YOUR INSTRUCTIONS: Starting with the line that contains "Used Alhambra Senorita" and ending with the last line of the entries, repeat exactly those lines and nothing else, pictures excluded.

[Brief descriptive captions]
◇ ◇ ◇

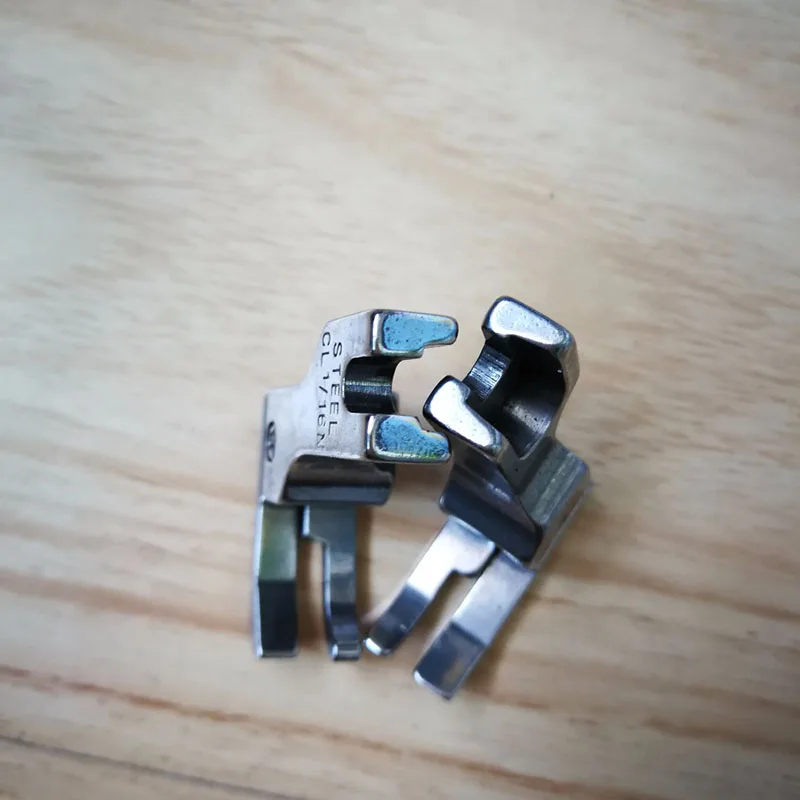 1 пара/лот лапка для низкого давления прижимная бытовой швейной машины швейные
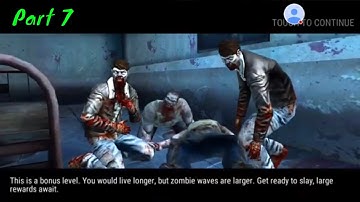 DEAD TARGET: Offline Zombie Shooting-FPS Survival-Mission 36-Part 7-Gameplay Walkthrough Android-iOS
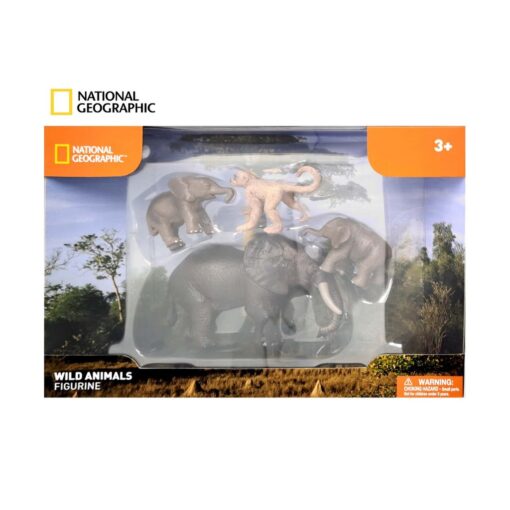 National Geographic Animals Play Set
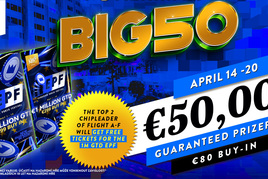 Hilton: V pondělí startuje dubnové vydání vícedenního eventu Big50 €50K GTD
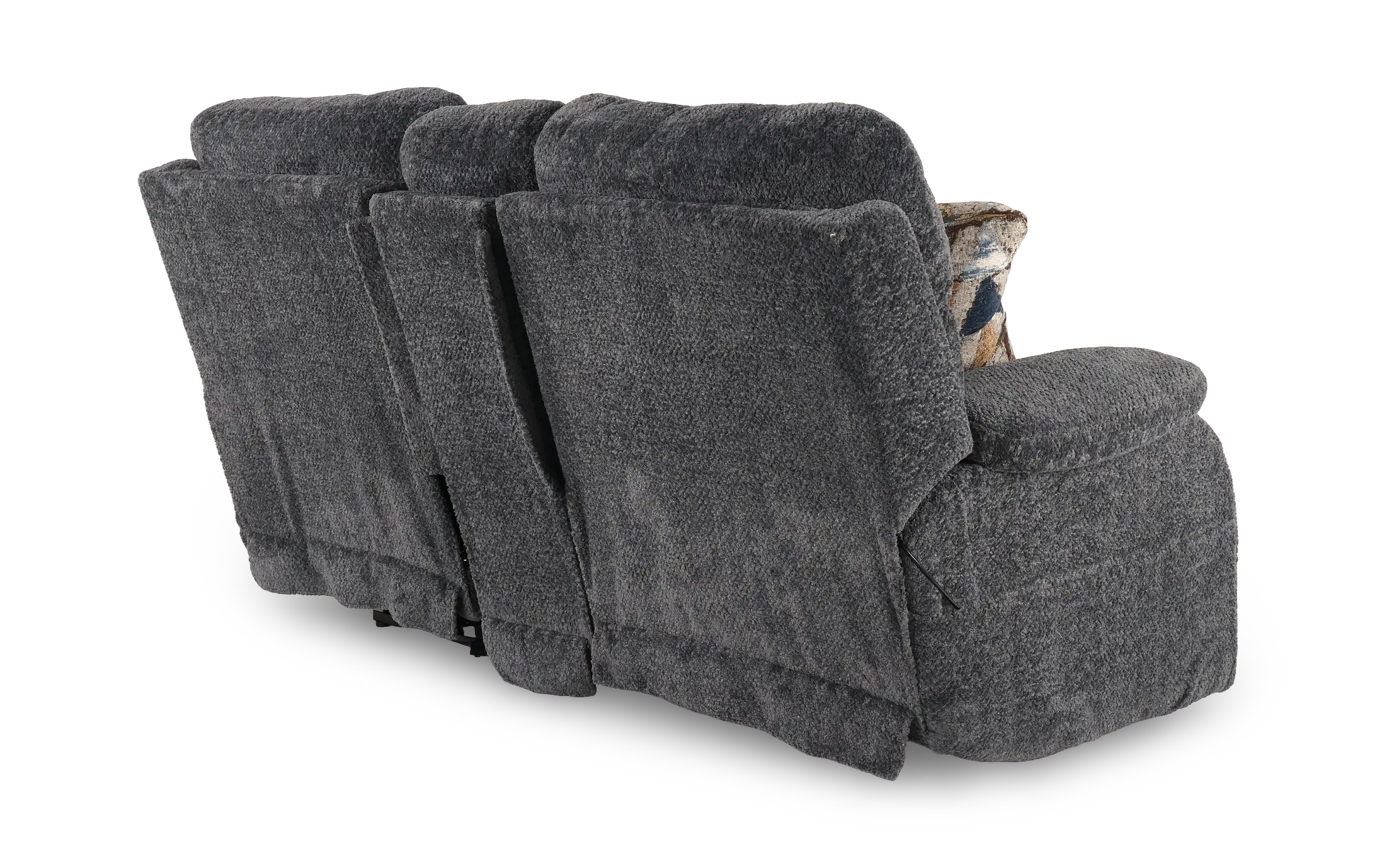 762829/1963-28 Joya Galaxy Gray Power Reclining Loveseat with Heat and Massage-8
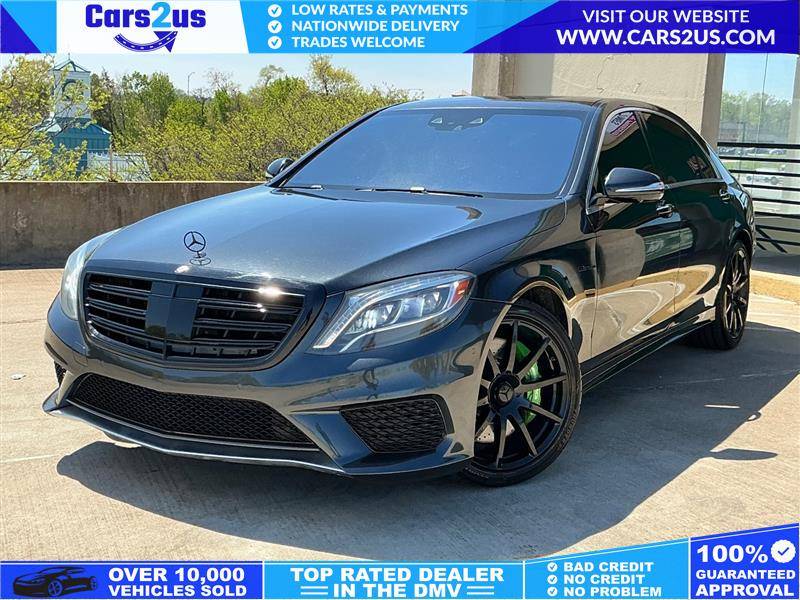 2015 Mercedes-Benz S-Class S 63 AMG — Sedan — 130,565 mi — Woodbridge, VA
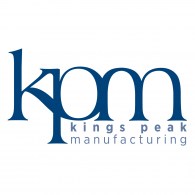 Kings Peak Manufacturing logo vector logo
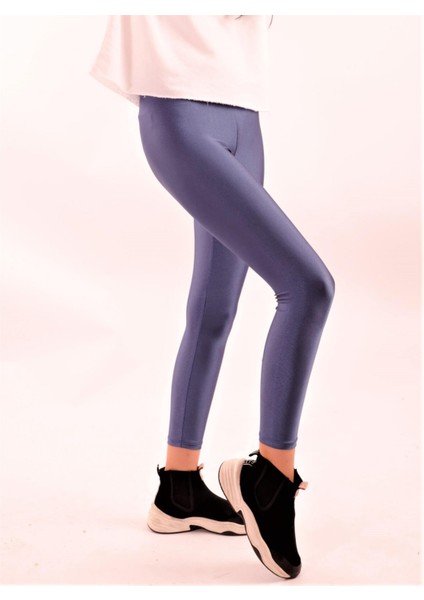 Kız Çocuk Disco Tayt (Indigo Renk) fiyatları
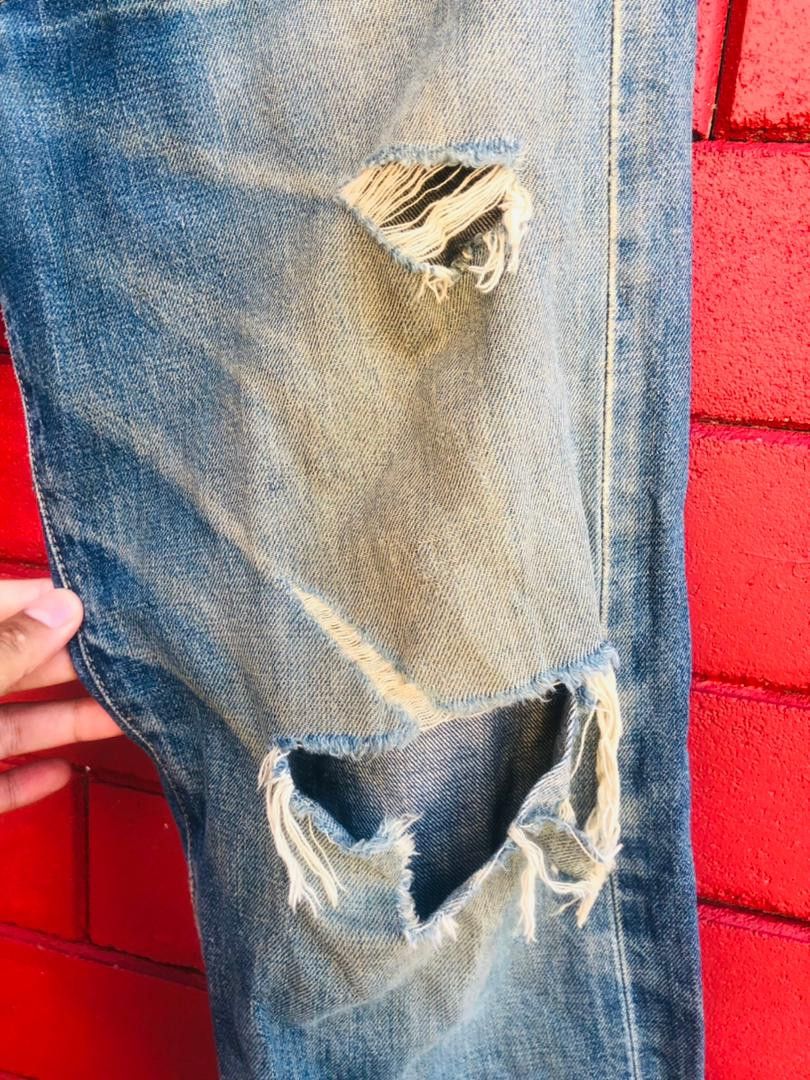 Japanese Brand × Vintage Vintage Levis Big E 80s Japanese Designer Fashion Style Size US 30 / EU 46 - 16 Thumbnail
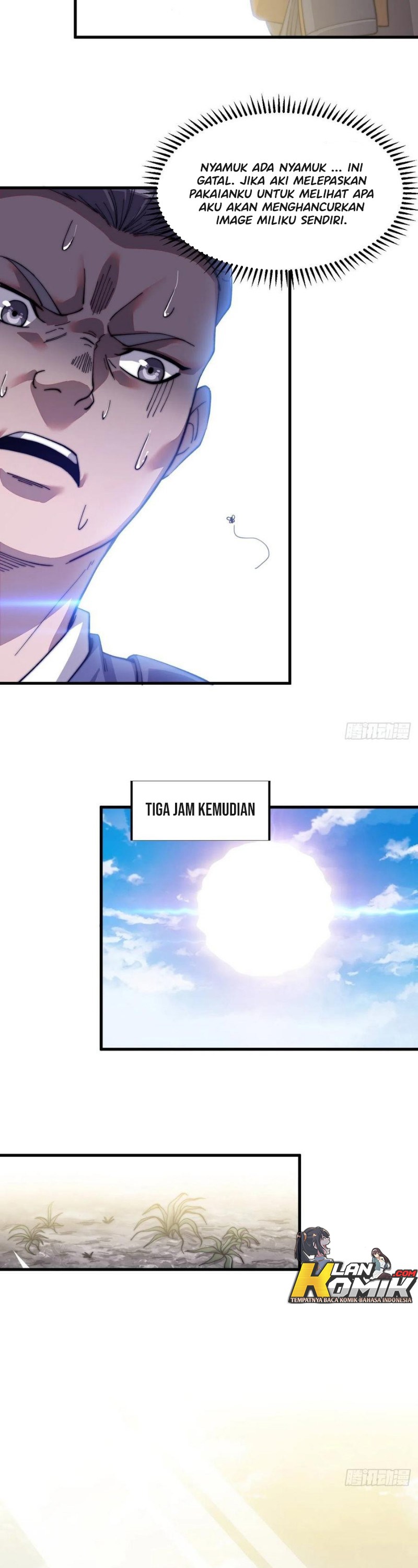 It Starts With A Mountain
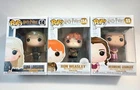 Funko Pop! Harry Potter - Hermione Granger Yule Ball 11, Luna Lovegood 14, 114 R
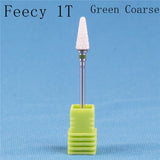 Cutter For Manicure Ceramic Nail Drill Bits Manicure Machine Accessories Rotary Electric Nail Files Manicure Nail Art Tool Feecy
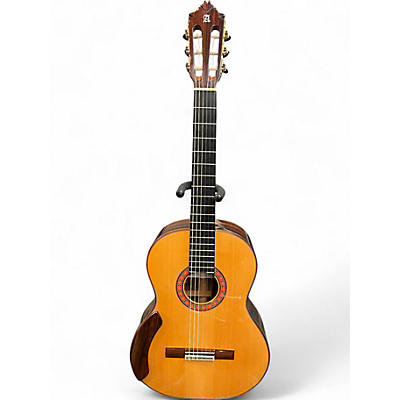 Used Alhambra Senorita 9P A Natural Classical Acoustic Electric Guitar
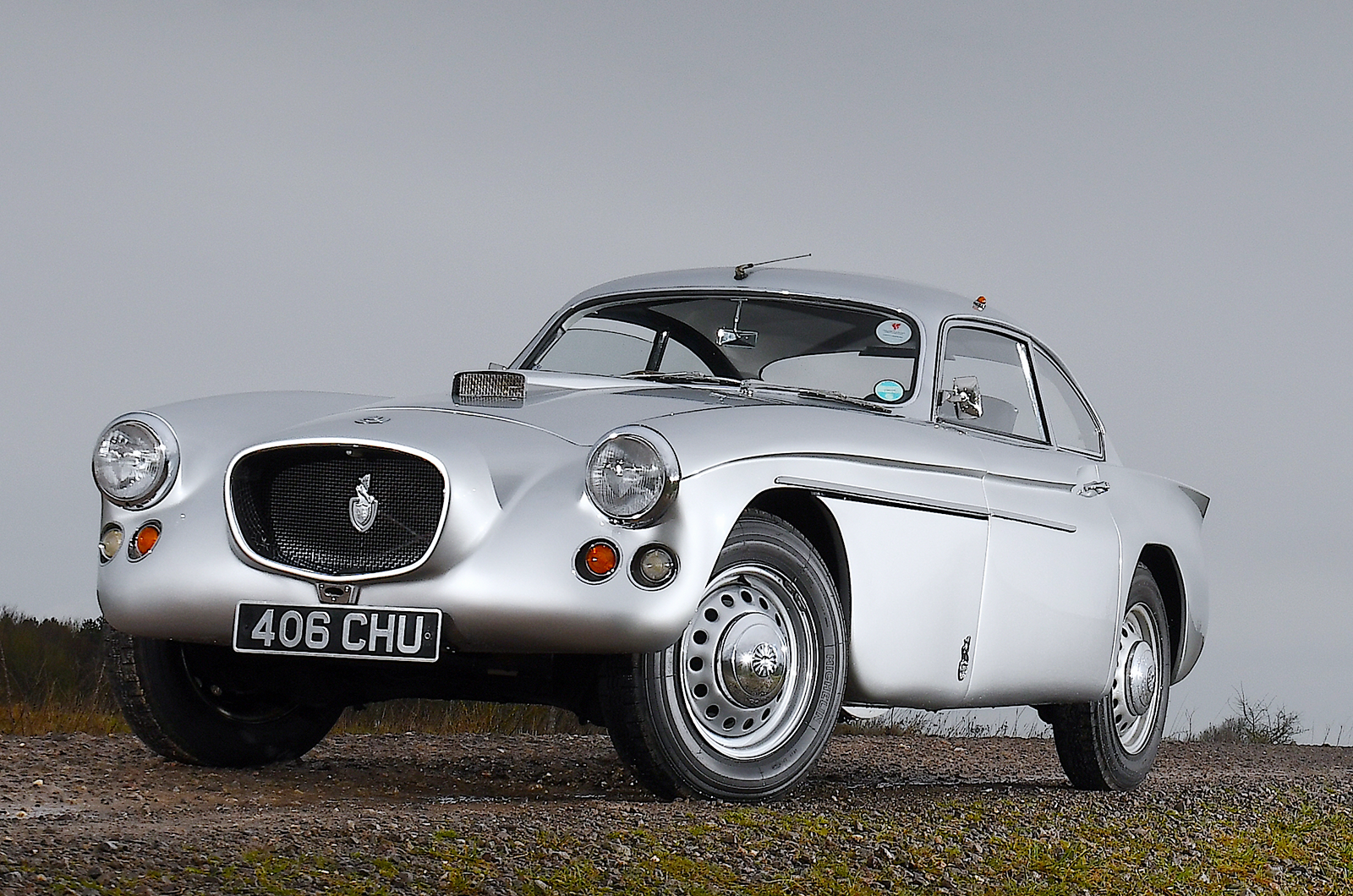 Classic & Sports Car – Bristol 406S: last roll of the straight-six dice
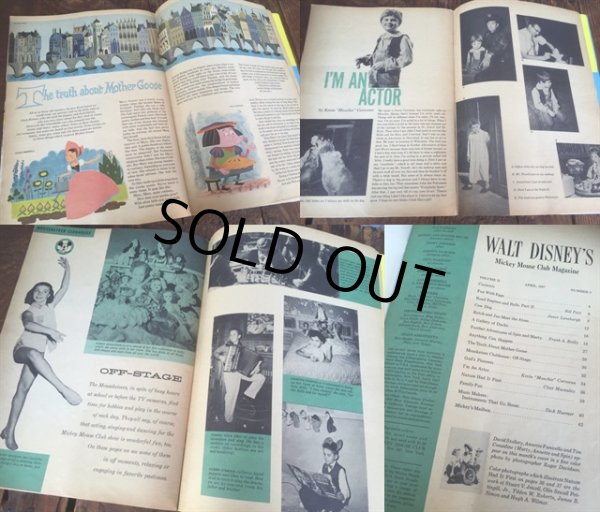 画像3: 50s Vintage Walt Disney's MMC Magazine (MA969) (3)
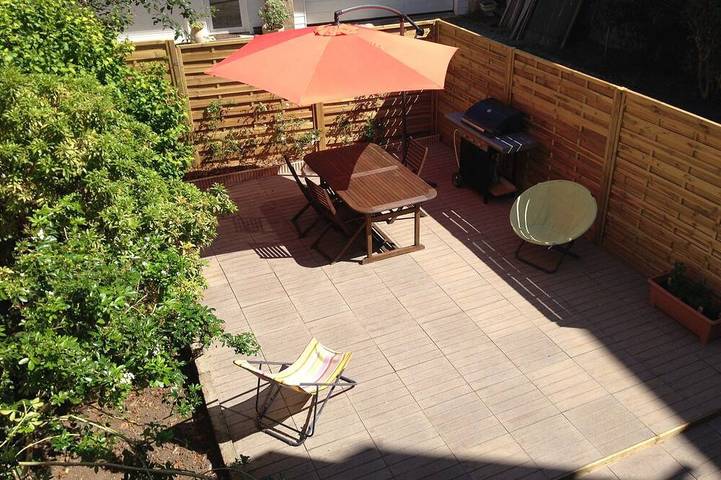 Maison de vacances pour 12 personnes, avec terrasse - 1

◇ ◇ ◇

RESPONSE AREA:
 Used Alhambra Senorita 9P A Natural Classical Acoustic Electric Guitar
 Classic & Sports Car – Bristol 406S: last roll of the straight-six dice
 画像3: 50s Vintage Walt Disney's MMC Magazine (MA969) (3)
 Maison de vacances pour 12 personnes, avec terrasse - 1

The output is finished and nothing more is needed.